Другой симптоматический и не менее интересный разворот нашей темы — восприятие и «использование» текстов постструктурализма художественным сообществом. Современные художники в какой-то момент были явно соблазнены французской теорией. Увы, не встретить больше ни одного акциониста или инсталлятора, причисляющего себя к «современному искусству», который не готов был бы сказать нечто энергичное по поводу Бодрийара, Делеза или Деррида или, во всяком случае, кивком головы показать, что ему все это очень, очень близко.

Здесь вряд ли можно указать на исторически определенную «первосцену» этого совращения — мы сталкиваемся лишь с ее последствиями. Безусловно, это отчасти эффект действия советского идеологического прессинга, который заставлял искать альтернативные языки, способные работать в качестве комментария к утратившим органическую простоту жестам концептуального искусства.
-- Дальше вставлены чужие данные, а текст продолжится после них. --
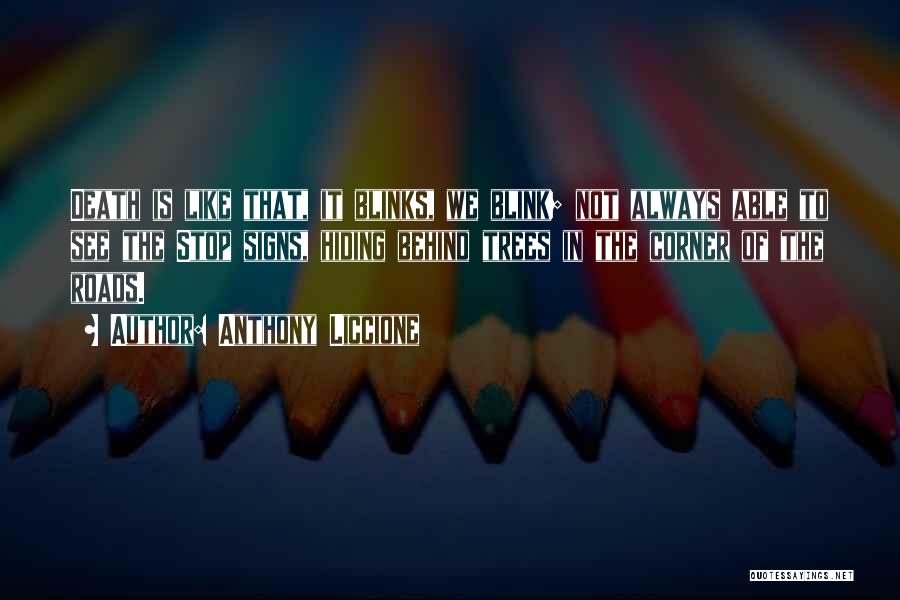 Anthony Liccione Quotes: Death Is Like That, It Blinks, We Blink; Not Always Able To See The Stop Signs, Hiding Behind Trees In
А французы предлагали поистине блестящий теоретический haute couture — одеяние для актуальных художественных практик Разумеется, мы указываем только на внешние обстоятельства и не касаемся собственно содержания этих практик, тем более не претендуем на полный «разоблачающий» анализ того импортированного дискурса, который так легко признавался их комментарием. Мы лишь описываем определенные ситуативные детерминанты процесса вписывания постструктуралистского дискурса в локальный контекст.

Но здесь нельзя не упомянуть и одно его вполне имманентное качество — некую рассеянную, коннотированную «авангардность», непроговариваемый пафос которой совращает чувствительного к таким вещам актуального художника быстрее, чем самые парадоксальные серии аргументов. Делезовские и дерридаистские экспериментации с языком, головокружительные метафоры раннего Фуко и сверхэнергичная риторика его поздних работ, ошеломляющая бодрийаровская виртуалистика — все эти фоновые качества, обычно вытесняемые в зону «вторичного» и «неважного», взятые во внешнем плане циркуляции и потребления определенной группы текстов, обретают свою силу и соблазн. К тому же весь материал, на котором французские теоретики демонстрируют свои «радикальные» аналитические процедуры, — Пруст, Джойс, Кафка, Магритт, Руссель, Бланшо — это собрание канонизированных фигур художественного модерна первой половины ушедшего века, бывших в советское время корпоративными фетишами продвинутой части «творческой интеллигенции».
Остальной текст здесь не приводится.